[Exercise goal] In the listing below, find the line with "BIG4 Valley Vineyard" and the line with "New 14TL-22 Big Tex Tilt Trailer". Repeat those two lines and all lines between them exactly.

----------

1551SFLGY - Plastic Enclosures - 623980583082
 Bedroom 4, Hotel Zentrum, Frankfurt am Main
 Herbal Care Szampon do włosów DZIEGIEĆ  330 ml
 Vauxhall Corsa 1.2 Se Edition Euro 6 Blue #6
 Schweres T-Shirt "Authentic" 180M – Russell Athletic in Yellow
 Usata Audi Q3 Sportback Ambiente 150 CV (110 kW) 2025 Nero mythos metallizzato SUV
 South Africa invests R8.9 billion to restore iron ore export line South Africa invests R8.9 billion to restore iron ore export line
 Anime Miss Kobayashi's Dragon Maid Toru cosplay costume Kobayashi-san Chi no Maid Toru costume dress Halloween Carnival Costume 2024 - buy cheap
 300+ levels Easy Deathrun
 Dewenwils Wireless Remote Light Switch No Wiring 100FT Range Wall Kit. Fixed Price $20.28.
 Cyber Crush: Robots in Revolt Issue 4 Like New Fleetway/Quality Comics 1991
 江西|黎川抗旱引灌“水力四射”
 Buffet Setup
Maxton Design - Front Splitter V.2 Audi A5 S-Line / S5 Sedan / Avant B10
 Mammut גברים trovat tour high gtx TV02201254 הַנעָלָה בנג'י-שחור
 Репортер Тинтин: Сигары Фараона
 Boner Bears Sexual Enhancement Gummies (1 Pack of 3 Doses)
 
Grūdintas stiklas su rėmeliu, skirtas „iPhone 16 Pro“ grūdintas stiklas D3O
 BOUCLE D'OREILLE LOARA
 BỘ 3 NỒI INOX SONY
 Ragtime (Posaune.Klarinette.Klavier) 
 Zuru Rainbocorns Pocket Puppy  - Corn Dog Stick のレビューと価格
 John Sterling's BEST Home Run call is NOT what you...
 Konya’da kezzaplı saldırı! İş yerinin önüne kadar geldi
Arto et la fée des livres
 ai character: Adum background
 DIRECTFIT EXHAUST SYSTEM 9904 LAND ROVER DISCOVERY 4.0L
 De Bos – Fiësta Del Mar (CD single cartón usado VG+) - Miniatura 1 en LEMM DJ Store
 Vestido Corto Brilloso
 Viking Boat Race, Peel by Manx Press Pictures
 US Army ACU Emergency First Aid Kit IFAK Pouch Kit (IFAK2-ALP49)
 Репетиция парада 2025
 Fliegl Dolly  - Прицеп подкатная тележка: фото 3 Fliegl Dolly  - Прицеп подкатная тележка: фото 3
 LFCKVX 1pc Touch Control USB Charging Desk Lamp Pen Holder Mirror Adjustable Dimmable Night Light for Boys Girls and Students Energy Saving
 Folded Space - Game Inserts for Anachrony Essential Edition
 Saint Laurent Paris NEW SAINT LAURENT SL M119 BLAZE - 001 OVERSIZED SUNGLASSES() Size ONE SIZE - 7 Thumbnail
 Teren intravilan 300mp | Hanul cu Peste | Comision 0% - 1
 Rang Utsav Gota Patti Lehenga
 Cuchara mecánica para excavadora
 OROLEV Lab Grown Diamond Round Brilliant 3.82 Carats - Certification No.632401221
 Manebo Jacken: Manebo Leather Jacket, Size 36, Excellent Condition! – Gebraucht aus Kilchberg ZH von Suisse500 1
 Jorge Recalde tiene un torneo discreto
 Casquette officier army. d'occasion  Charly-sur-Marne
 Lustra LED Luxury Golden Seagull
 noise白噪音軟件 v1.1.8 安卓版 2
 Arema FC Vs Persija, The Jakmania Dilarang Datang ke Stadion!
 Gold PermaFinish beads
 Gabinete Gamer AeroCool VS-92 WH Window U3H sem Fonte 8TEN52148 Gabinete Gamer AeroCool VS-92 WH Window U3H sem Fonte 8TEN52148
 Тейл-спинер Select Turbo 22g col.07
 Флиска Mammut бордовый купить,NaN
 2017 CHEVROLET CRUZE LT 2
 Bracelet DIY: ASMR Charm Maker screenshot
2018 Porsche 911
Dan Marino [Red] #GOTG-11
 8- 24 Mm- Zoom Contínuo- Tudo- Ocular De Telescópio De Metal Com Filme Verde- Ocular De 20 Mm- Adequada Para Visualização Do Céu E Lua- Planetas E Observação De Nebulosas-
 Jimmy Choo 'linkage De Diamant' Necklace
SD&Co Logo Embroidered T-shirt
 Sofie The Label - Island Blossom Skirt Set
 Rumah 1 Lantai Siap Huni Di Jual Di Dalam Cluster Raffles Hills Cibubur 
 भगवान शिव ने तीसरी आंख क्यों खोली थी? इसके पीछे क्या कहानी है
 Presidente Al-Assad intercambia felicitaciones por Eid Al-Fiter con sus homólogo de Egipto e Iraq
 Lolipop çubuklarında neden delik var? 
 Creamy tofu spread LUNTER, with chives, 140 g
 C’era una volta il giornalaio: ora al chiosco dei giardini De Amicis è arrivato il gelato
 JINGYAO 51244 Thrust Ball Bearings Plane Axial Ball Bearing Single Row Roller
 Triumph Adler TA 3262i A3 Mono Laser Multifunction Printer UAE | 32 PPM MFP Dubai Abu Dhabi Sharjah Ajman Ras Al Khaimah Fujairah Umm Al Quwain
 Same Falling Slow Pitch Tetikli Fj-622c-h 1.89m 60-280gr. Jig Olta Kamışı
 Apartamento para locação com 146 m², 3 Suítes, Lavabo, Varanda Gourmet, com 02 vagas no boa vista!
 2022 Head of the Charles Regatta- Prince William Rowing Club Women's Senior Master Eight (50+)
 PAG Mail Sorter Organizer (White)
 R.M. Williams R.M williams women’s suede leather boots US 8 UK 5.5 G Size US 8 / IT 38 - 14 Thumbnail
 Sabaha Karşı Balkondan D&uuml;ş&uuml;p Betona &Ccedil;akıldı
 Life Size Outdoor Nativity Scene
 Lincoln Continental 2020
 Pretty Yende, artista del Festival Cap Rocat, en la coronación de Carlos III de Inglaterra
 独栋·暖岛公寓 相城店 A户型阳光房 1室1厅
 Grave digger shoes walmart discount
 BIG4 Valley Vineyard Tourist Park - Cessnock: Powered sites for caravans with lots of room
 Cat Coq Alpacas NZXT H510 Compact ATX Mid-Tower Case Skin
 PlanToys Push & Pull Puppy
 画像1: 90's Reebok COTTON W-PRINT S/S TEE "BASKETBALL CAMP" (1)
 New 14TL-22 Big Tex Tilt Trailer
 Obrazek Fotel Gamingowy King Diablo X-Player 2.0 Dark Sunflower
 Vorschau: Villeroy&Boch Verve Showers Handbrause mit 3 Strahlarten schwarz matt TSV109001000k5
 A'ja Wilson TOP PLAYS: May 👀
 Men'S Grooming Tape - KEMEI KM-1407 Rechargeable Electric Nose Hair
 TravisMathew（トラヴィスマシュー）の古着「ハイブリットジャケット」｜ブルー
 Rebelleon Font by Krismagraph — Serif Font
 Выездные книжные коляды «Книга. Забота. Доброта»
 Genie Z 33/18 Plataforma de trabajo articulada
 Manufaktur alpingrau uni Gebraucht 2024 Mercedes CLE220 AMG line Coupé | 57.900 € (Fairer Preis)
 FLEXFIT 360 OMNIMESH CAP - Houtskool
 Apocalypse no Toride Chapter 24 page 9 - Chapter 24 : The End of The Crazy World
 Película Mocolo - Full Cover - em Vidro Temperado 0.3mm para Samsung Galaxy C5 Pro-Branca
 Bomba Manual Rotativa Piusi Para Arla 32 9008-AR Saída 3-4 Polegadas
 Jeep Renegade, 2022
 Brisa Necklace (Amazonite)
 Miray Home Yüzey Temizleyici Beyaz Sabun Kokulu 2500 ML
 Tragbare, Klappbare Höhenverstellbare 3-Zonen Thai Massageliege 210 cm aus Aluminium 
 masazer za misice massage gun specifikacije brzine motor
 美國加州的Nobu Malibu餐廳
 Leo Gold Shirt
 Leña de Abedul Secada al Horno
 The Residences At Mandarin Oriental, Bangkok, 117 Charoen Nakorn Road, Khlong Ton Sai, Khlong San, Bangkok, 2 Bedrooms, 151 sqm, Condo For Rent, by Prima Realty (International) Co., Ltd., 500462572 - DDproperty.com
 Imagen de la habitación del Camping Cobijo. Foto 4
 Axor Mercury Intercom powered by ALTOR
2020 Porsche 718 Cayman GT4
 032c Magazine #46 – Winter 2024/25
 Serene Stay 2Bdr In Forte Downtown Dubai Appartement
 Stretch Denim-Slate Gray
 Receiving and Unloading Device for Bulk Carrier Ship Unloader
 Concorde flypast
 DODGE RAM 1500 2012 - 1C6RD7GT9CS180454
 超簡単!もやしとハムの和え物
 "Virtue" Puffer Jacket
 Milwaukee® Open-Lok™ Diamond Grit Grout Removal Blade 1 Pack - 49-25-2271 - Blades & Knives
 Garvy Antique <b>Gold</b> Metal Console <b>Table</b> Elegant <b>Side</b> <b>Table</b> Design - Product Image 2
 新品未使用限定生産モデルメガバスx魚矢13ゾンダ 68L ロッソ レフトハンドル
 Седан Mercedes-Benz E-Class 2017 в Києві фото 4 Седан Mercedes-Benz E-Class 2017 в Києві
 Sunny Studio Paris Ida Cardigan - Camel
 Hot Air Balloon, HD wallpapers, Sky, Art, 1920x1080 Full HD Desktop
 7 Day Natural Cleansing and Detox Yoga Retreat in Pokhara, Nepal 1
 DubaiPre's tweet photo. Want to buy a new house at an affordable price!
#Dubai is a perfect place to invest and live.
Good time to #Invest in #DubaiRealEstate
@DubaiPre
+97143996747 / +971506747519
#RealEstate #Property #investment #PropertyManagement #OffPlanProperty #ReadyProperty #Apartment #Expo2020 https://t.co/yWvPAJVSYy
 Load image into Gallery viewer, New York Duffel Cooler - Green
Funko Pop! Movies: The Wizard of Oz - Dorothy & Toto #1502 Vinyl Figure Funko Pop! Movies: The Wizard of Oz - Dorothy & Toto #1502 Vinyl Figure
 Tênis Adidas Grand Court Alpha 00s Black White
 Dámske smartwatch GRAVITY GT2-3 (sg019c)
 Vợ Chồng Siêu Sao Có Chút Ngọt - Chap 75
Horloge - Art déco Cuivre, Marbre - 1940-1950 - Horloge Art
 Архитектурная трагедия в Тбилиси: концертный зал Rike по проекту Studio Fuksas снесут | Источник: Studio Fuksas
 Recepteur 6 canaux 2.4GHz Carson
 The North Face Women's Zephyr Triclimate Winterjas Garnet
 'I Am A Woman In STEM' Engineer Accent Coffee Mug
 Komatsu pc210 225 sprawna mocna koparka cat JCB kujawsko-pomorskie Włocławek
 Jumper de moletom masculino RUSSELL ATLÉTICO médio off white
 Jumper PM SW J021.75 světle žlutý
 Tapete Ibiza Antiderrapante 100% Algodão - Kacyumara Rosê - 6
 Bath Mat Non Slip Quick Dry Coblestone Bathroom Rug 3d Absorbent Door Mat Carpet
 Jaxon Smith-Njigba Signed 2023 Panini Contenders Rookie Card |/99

----------

[Answer]
 BIG4 Valley Vineyard Tourist Park - Cessnock: Powered sites for caravans with lots of room
 Cat Coq Alpacas NZXT H510 Compact ATX Mid-Tower Case Skin
 PlanToys Push & Pull Puppy
 画像1: 90's Reebok COTTON W-PRINT S/S TEE "BASKETBALL CAMP" (1)
 New 14TL-22 Big Tex Tilt Trailer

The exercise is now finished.